John Wayne is John Phillips, a good all-American man and the unofficial leader of his community. He's a good part of the reason that the Brauns stay in Ashville Forks, though Dr Braun's inner drive to heal people isn't to be discounted either. Still, the town is in terrible shape, not just because of their lack of a resident doctor but because Mother Nature has it in form them too. The wind howls, the dust flies every which where and the tumbleweeds bounce around like there's no tomorrow. The townsfolk are good people and they're hard workers; Phillips's knowledge and leadership has helped the farmers to survive as long as they have. Yet there's precious little rain, the storms get worse and the government has effectively written off their land.

So off they go to Oregon where they're promised good land that they can own and farm.

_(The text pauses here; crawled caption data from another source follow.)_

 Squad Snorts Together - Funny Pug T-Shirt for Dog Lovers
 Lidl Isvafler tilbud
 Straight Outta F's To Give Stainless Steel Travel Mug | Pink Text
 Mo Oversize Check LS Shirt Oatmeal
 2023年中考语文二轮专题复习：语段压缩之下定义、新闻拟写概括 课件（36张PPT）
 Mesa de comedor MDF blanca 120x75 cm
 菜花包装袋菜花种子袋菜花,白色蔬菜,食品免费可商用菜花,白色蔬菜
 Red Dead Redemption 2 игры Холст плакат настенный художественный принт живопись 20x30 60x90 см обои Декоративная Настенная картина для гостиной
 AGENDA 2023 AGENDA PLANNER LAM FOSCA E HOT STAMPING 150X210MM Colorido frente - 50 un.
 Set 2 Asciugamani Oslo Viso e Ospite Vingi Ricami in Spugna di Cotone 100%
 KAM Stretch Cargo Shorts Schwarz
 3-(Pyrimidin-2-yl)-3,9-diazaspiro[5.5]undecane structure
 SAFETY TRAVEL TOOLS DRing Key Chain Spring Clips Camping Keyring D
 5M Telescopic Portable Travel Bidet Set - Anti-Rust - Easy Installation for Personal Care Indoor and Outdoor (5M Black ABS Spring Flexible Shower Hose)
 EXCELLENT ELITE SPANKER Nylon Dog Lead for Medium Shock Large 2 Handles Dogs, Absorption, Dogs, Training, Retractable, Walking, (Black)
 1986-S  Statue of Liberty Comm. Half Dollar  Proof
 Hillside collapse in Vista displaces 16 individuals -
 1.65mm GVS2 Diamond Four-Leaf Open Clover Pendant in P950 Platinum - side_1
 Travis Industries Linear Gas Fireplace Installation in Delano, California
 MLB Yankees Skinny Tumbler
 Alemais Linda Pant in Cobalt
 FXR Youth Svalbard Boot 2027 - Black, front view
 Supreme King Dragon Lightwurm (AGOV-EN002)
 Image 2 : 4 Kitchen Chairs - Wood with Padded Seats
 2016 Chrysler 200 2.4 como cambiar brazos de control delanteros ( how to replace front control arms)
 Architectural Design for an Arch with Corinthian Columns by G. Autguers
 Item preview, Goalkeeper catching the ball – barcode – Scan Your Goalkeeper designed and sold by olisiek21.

Of course, Phillips gets to lead the trek, which is a long 1,500 miles of rough terrain, through mountains and through desert. Now the folks from Ashville Forks are refugees themselves and the Brauns becomes the experts who can offer their own advice and direction. By this time John Phillips and Leni Braun are engaged to be married, but the romantic subplot isn't as straight forward as it might seem. In Leni's heart is a former fiancé called Eric, a man who enabled the Braun's escape from the Nazis and saved their lives in the process, but who is supposedly dead. A letter proves otherwise and we find a love triangle, but anyone who doesn't expect the Duke to win all these battles is nuts.

Wayne is pretty good here though he falters a little on the long speeches. This is early in his A list career, a year after Stagecoach made his career, and he was very much on the rise. He's believable as the leader of his community, as the romantic lead and as the role he treasured most: as the epitome of the hard working American, the image of his country. There's not a heck of a lot for him to do though and the film runs through its short length without much passion. Sigrid Gurie is a capable love interest and Trevor Bardette is a capable naysayer. It's the doctors who shine brightest though: Charles Coburn is excellent as Dr Braun, the humble refugee living well below the standards he's used to, but he's outshone by Spencer Charters as the irascible vet who is effectively Wayne's sidekick in the way that Walter Brennan so often was. It's a routine film but a decent enough one.